* TASK TO CARRY OUT
All lines from the one with "Ответ Ответ" through the end of the records below are to be given again exactly, and nothing else.

Saved data entries:
........

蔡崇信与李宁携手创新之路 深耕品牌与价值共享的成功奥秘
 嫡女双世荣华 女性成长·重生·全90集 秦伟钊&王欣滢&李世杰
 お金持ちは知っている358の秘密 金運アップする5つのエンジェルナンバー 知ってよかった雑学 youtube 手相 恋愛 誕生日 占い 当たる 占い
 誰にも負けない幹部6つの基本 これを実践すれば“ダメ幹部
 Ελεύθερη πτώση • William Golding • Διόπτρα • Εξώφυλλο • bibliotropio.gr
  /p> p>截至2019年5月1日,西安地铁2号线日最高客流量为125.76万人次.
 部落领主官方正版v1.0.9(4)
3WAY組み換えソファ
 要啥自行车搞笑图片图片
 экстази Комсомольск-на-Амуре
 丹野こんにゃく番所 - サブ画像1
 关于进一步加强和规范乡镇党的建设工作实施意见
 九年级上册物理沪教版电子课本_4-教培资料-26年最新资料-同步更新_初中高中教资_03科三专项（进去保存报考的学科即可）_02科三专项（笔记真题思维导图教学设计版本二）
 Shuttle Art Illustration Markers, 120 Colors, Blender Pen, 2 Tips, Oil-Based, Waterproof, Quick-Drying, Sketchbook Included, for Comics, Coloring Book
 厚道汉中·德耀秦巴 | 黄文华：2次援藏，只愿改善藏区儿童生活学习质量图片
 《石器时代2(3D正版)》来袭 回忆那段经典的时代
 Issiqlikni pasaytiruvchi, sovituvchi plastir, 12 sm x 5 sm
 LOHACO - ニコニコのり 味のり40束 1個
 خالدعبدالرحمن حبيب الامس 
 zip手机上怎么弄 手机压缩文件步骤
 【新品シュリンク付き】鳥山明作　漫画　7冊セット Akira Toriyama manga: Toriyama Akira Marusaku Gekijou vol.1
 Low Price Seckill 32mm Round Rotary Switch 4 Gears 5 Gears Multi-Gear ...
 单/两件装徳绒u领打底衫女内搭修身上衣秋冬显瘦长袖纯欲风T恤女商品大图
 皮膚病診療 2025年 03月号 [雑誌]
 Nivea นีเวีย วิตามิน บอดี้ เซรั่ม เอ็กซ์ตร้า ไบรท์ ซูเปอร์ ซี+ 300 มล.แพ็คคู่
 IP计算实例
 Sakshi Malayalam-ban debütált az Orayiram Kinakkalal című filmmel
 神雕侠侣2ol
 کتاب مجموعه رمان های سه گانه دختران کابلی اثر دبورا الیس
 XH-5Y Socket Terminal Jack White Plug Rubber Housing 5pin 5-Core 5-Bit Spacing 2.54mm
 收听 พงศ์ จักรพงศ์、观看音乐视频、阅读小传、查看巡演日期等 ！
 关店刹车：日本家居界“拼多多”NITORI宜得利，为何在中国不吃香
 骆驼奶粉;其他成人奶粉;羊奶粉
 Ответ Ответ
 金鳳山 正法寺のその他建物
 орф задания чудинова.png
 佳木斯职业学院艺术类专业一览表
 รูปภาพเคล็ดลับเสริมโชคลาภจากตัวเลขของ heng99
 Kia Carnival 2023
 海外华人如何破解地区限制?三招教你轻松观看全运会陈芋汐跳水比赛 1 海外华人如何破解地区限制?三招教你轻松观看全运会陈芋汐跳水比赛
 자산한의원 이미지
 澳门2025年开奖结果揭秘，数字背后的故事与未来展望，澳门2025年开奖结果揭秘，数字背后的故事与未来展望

........

* TASK OUTPUT
 Ответ Ответ
 金鳳山 正法寺のその他建物
 орф задания чудинова.png
 佳木斯职业学院艺术类专业一览表
 รูปภาพเคล็ดลับเสริมโชคลาภจากตัวเลขของ heng99
 Kia Carnival 2023
 海外华人如何破解地区限制?三招教你轻松观看全运会陈芋汐跳水比赛 1 海外华人如何破解地区限制?三招教你轻松观看全运会陈芋汐跳水比赛
 자산한의원 이미지
 澳门2025年开奖结果揭秘，数字背后的故事与未来展望，澳门2025年开奖结果揭秘，数字背后的故事与未来展望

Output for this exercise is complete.